Exercise details = Leave no picture in, and give every entry again exactly.

Collected data

···

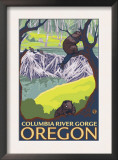 Beaver Family, Columbia River Gorge, Oregon Posters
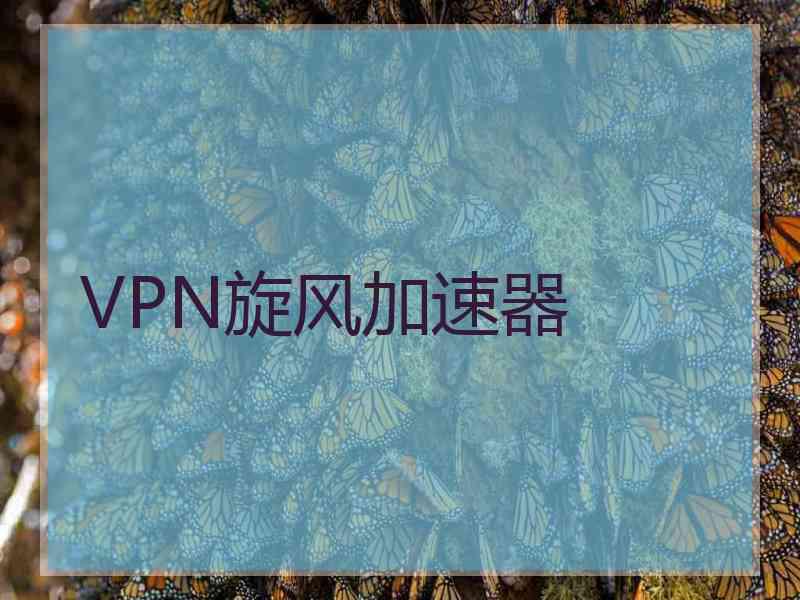 VPN旋风加速器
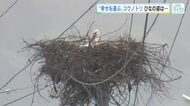 国の天然記念物「コウノトリ」今年も”幸せを運び”飛来　巣ではヒナの誕生も確認　広島・世羅町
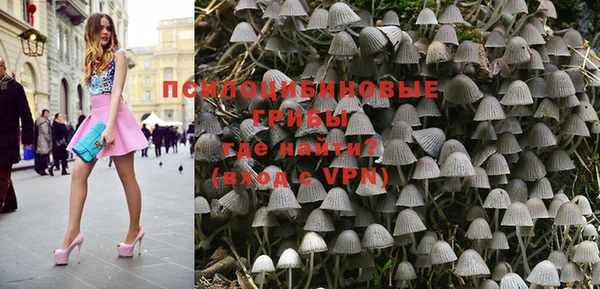 индика Баксан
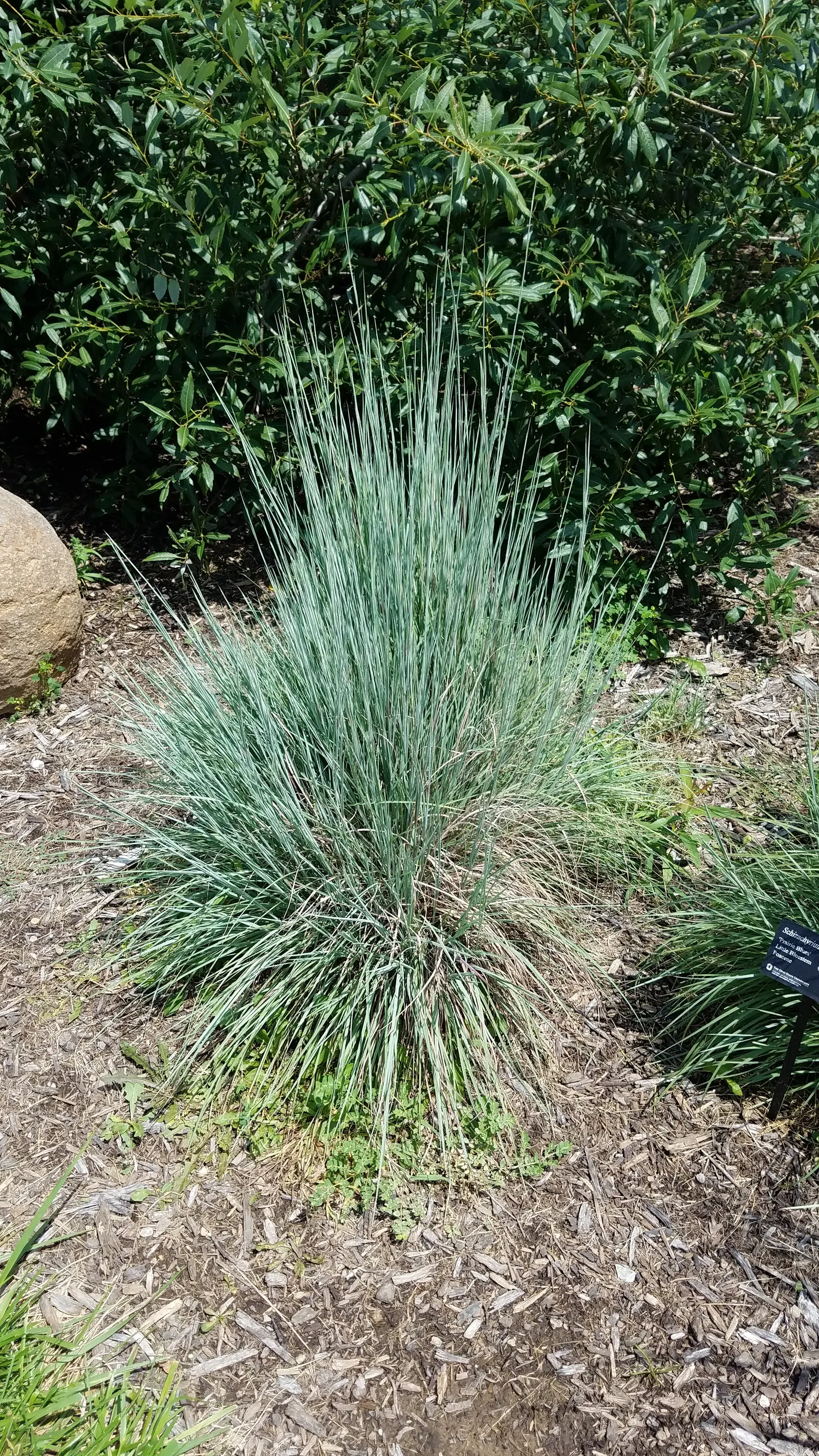Little Bluestem (Schizachyrium Scoparium) — The Little Bluestem, Schizachyrium scoparium, is a North American native prairie grass; it thrives in, image 41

···

Answer space =
 Beaver Family, Columbia River Gorge, Oregon Posters
 VPN旋风加速器
 国の天然記念物「コウノトリ」今年も”幸せを運び”飛来　巣ではヒナの誕生も確認　広島・世羅町
 индика Баксан
Little Bluestem (Schizachyrium Scoparium) — The Little Bluestem, Schizachyrium scoparium, is a North American native prairie grass; it thrives in, image 41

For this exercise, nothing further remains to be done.